I'm mad all right.
It's Lent, you know, and I decided I should give up something. Discipline is good, I told myself, and discipline doesn't come without working for it. So I decided Lent was just the ticket. Catholics have traditionally given up meat. Me, I love fish. My One and Only Squeeze, she is a much better Catholic than I am, because she loves meat and hates fish. (The especially observant might detect another reason or two to support the foregoing proposition) At any rate, if I was going to give up something, it had to be meaningful sacrifice, you know?
So I decided to give up Sudoku, Kakuro, AND Ken Ken.
Here we are, day 18 of Lent.
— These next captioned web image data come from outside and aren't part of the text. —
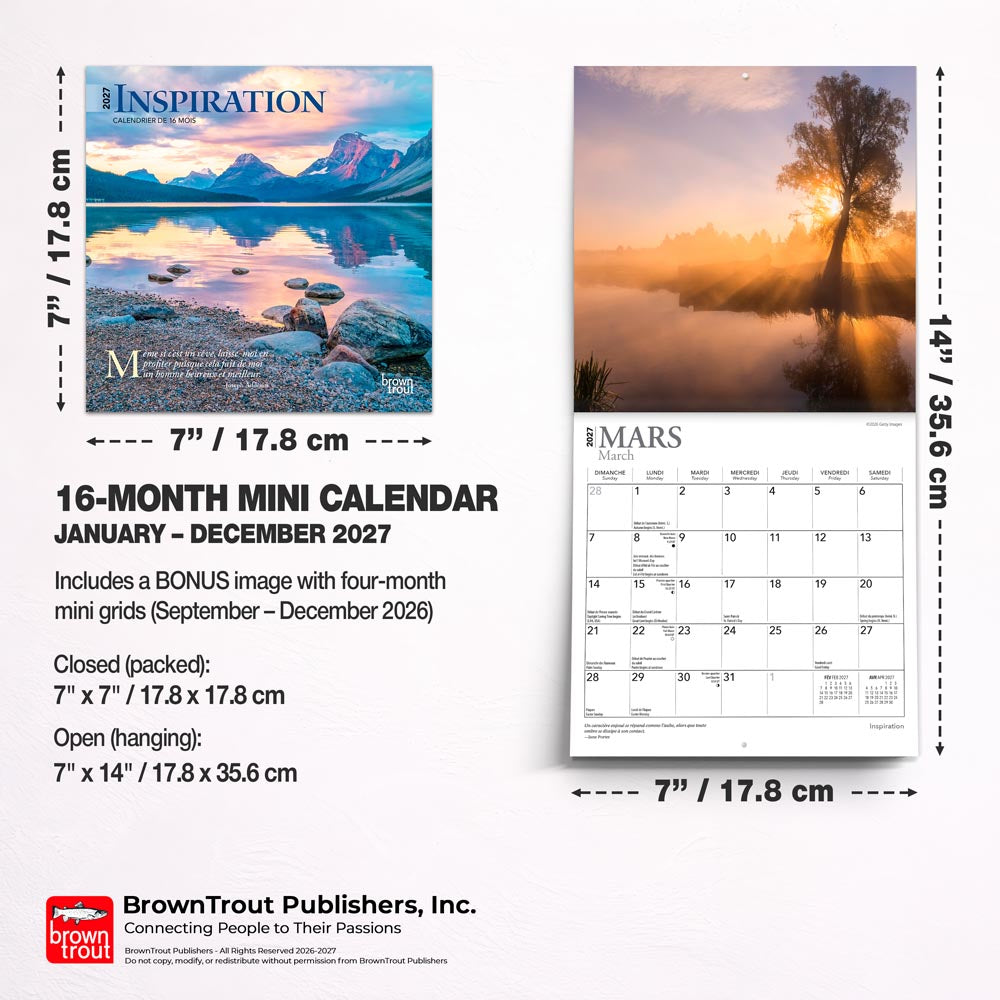 Inspiration | 2027 7 x 14 Inch (Hanging) Monthly Mini Wall Calendar | French Language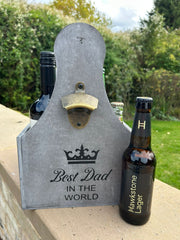 Wooden Best Dad In The World Bottle Gift Box Carrier Gift Novelty Xmas Large6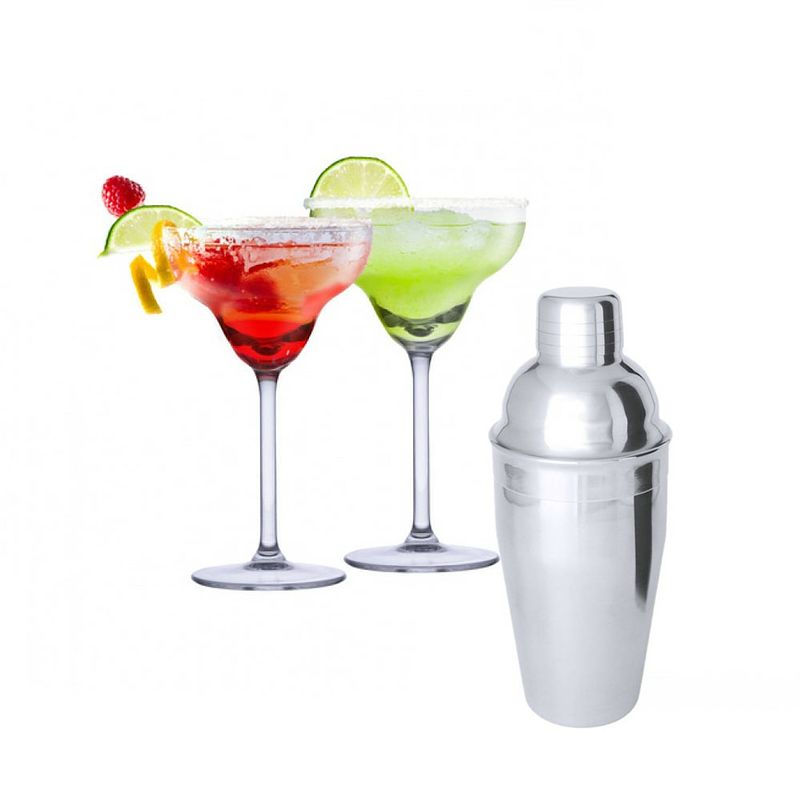 Foto van Set van 4x margarita cocktailglazen met cocktailshaker semi-mat rvs - cocktailglazen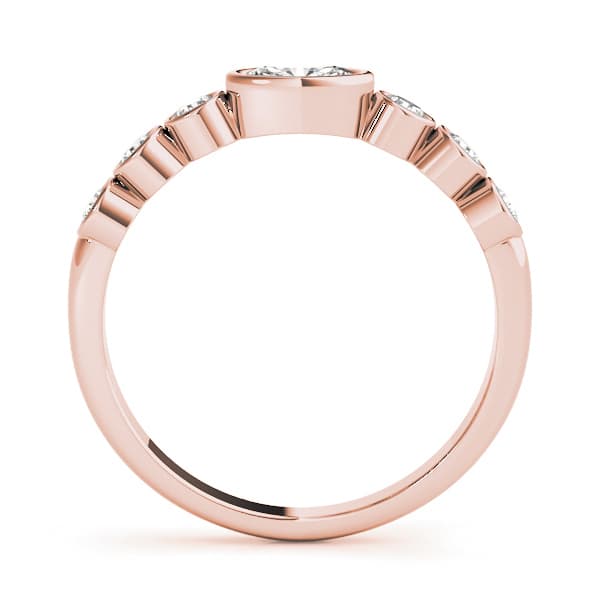 Bezel Set Stackable Oval Center Wedding Band (1/4 ct. tw.), Side view in rose gold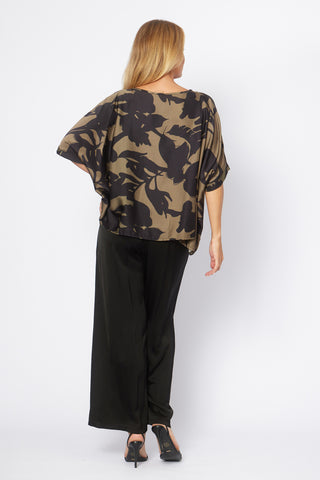 La Strada - Printed Viscose Kaftan Top - Military/Navy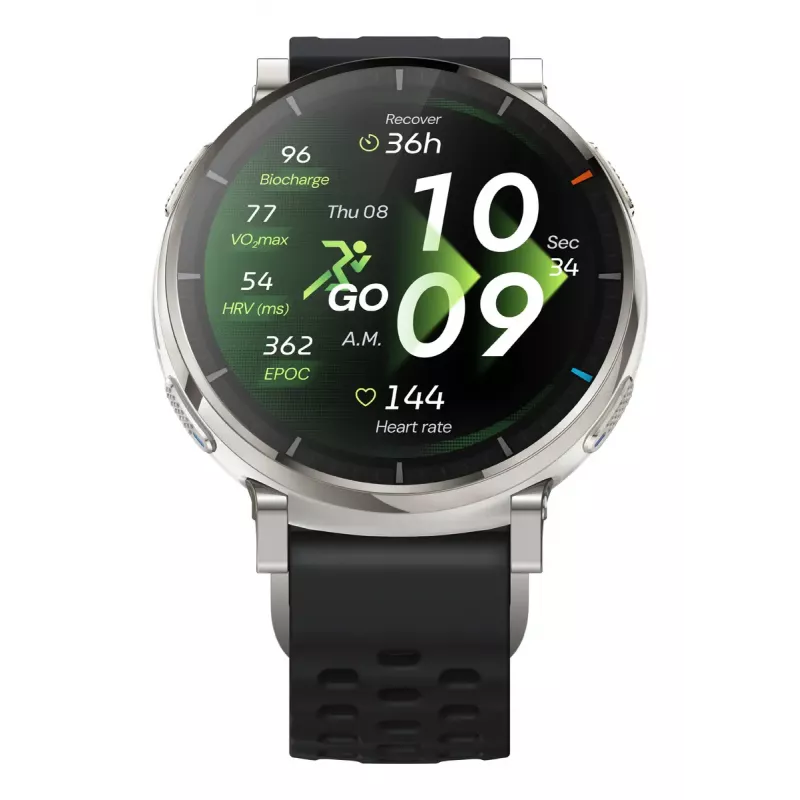 Nutikell Amazfit Active 3 — 1,32-tolline (3,35 cm) AMOLED 466×466 px, GPS, 365 mAh, silikoonrihm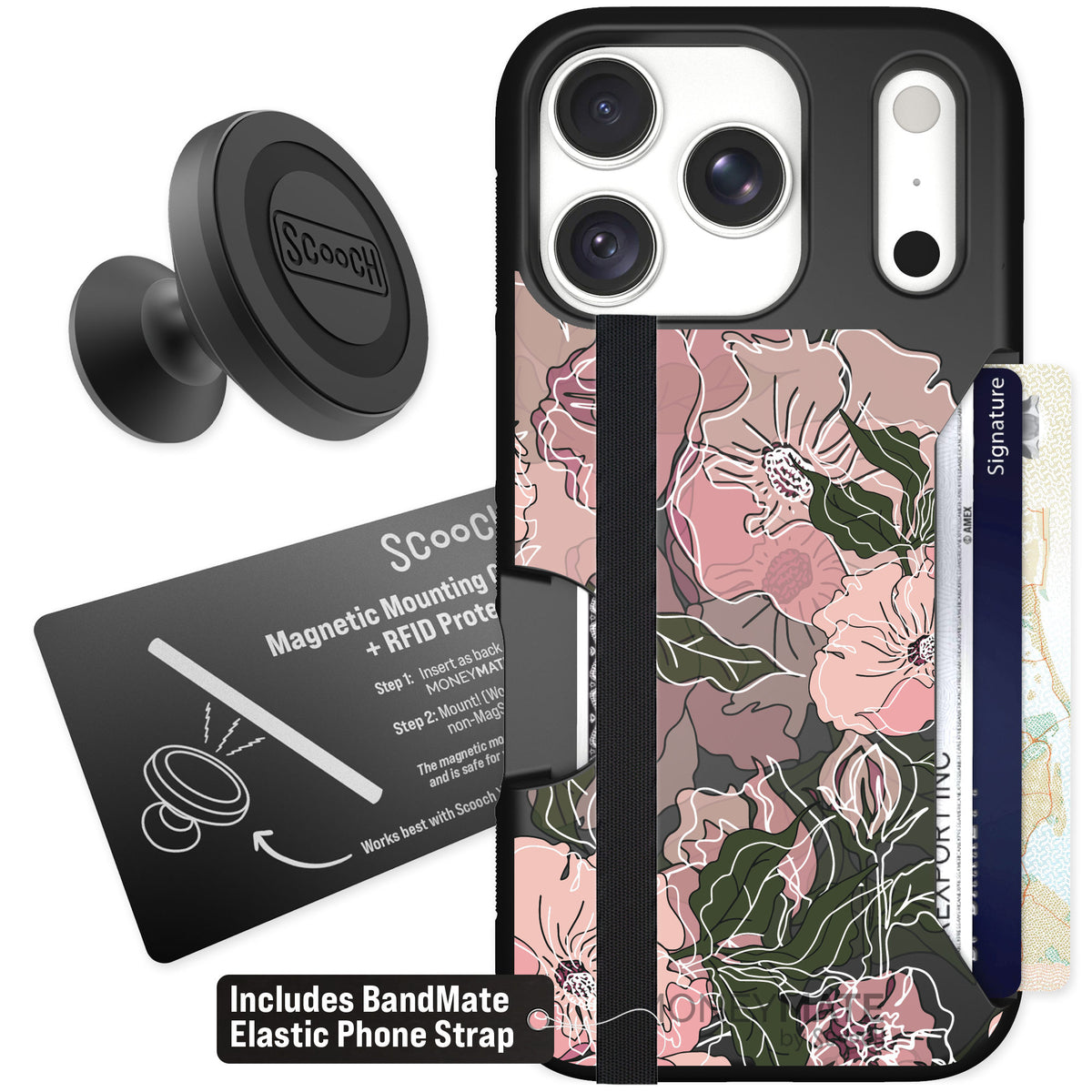 Scooch Moneymate Blush Botanical for iPhone 18 Pro — Starter Bundle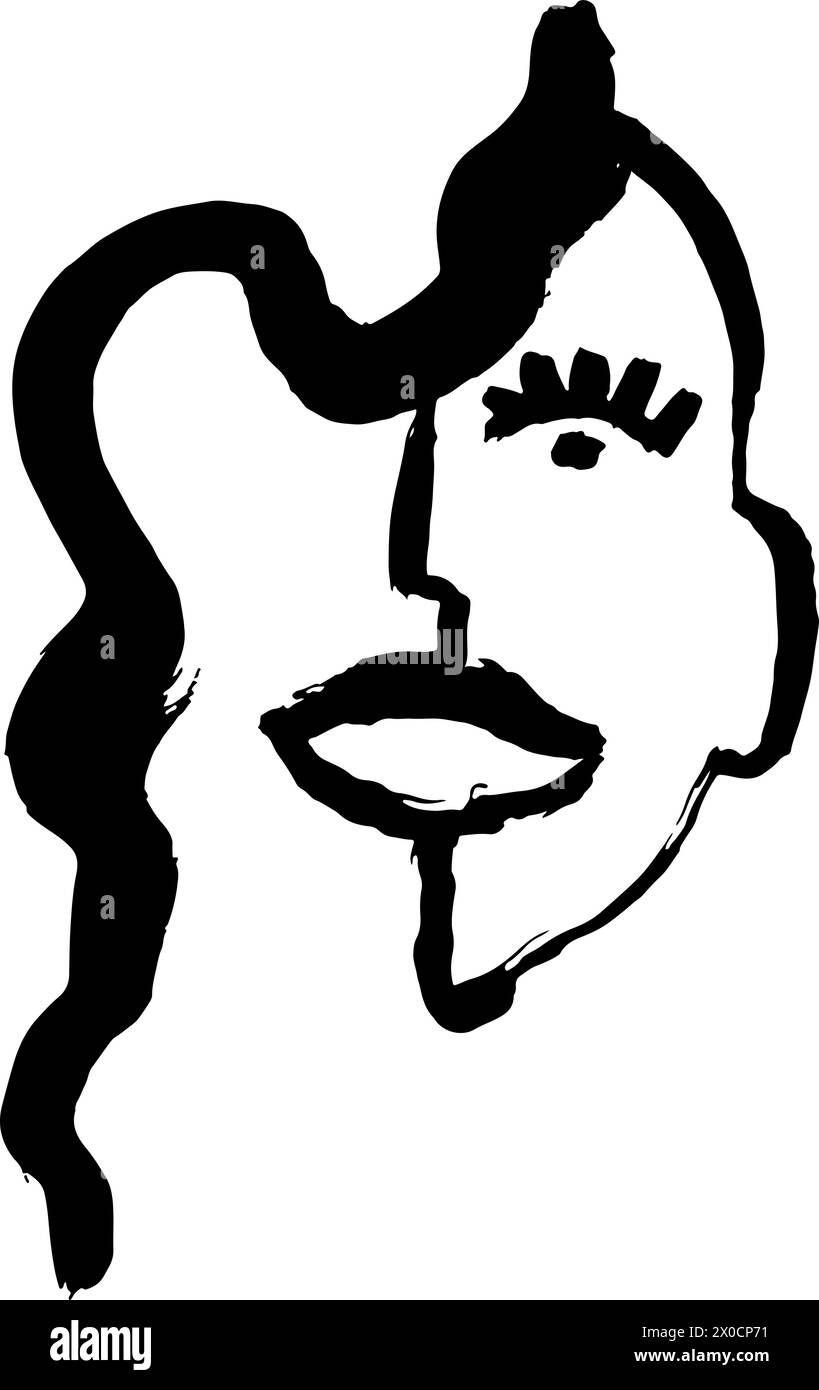 Zeitgenössisches Trockenes Pinsel Abstraktes Modernes Mädchen Porträt. Stock Vektor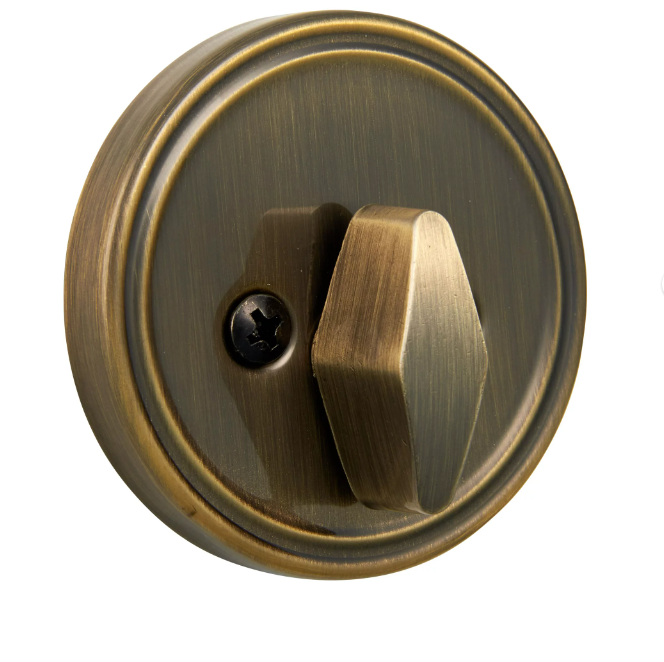 Hyper Tough Keyed Entry Single Cylinder Deadbolt Antique Brass Finish Damaged Box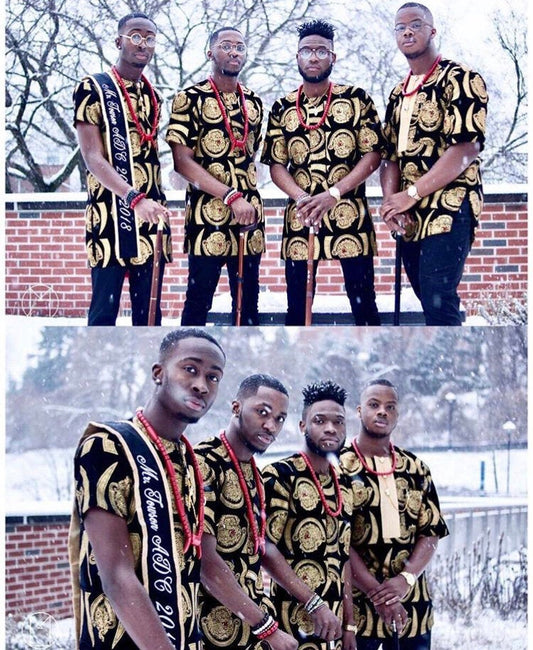 Isiagu men’s shirt with free jewelry(linking chain,necklace,bracelet) - Dimaz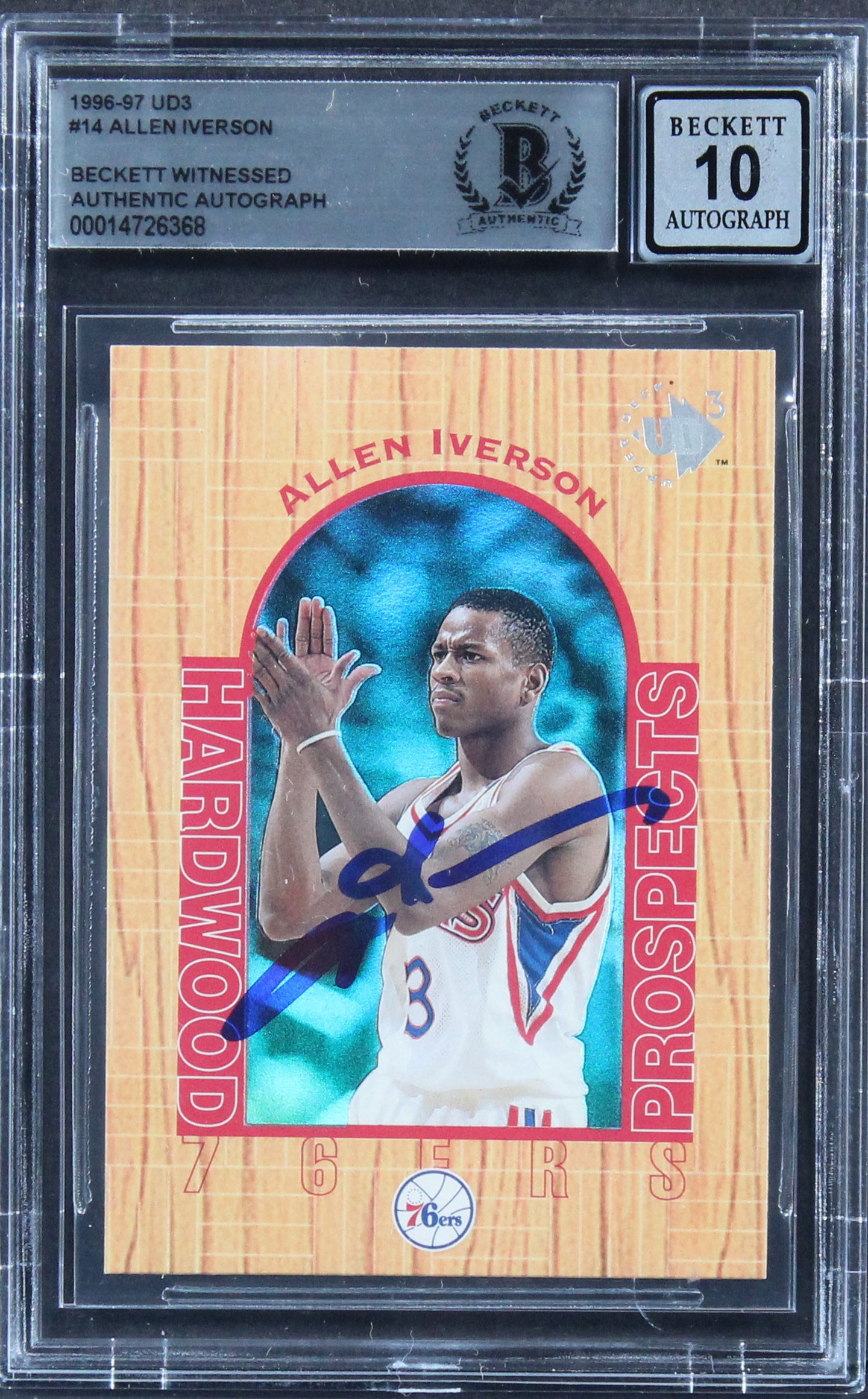 76ers Allen Iverson Signed 1996 UD3 #14 Rookie Card Auto Graded 10! BAS Slabbed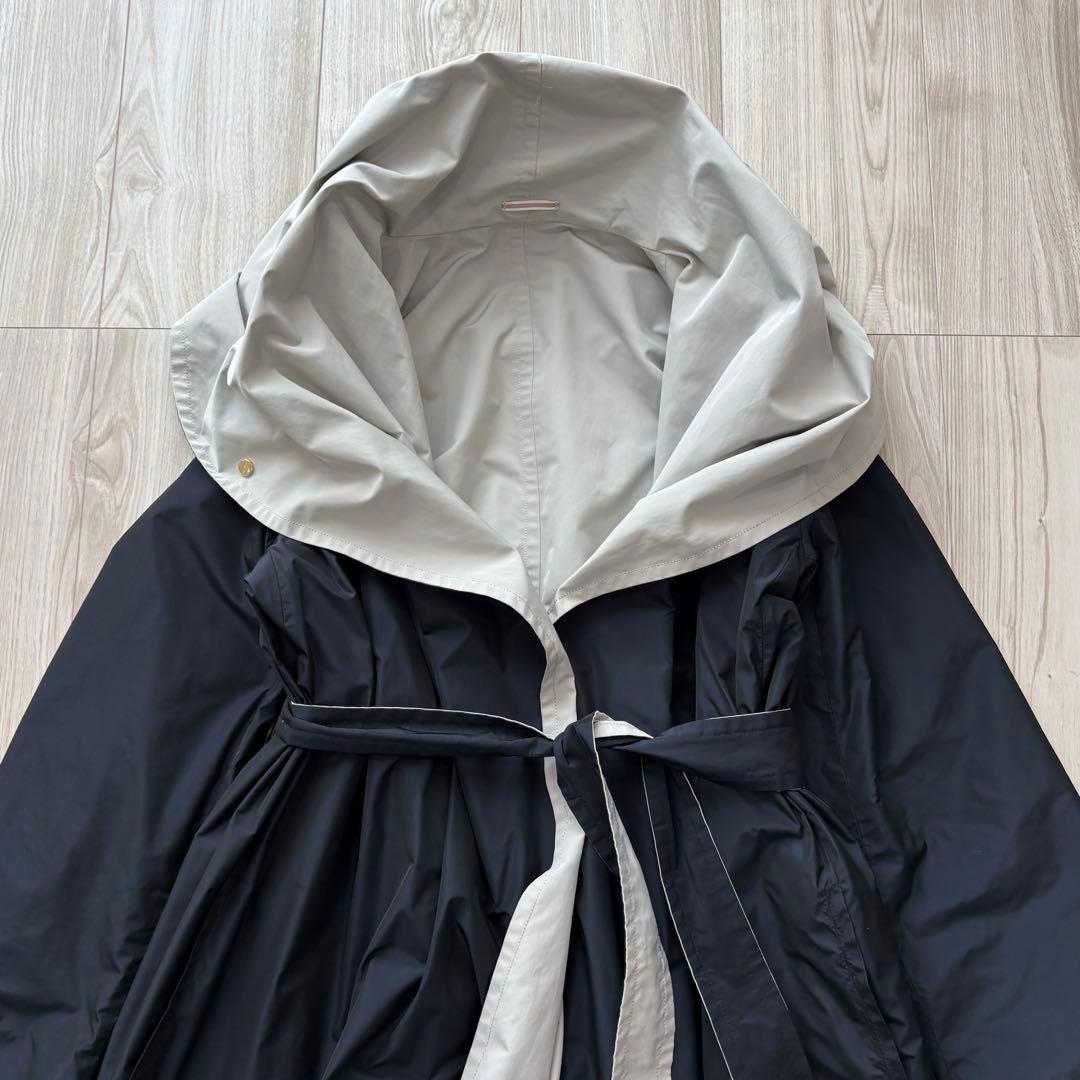 【美品】MaxMara ベルテッドコート リバーシブル 42 XL イタリア製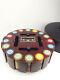 Vintage 400 Chip Poker Set with Wooden Carousel Caddy and Cover wood has damage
Not even half way through the ordeal. Arrrgh! Why did I have to give up all three?
I mean, one wouldn't have been much of a sacrifice, but I could have given up Kakuro and Ken Ken, the two I love the most. That would have been sacrifice enough, and I wouldn't be going crazy now. I wouldn't be so dad-burned MAD at myself.
I quit the NY Times crossword years ago. Too many "Modern" questions from current music (If the current stuff qualifies even) and from vampire and Harry Potter books. So what's left. I'll tell you. Cowboy movies, Sudoku, Kakuro, and Ken Ken. And my VHS cowboy movies are showing their age. I'm trying to make them last. So you can see why I'm just mad, Mad, MAD at myself.
Wait, what's this? Down here minimized in the tool bar. Whoa ...
OMG. OH ....... My. God.
Cue up Neil Diamond singing "Hello Again." Cue up Juice Newton singing "Stranger at my Door," with the message being you'll never be a stranger.
Hello again, Stranger. How could I ever have forgotten you??
Solitaire!
Pardon my Lenten smile, my disciplined Lenten smile, that is.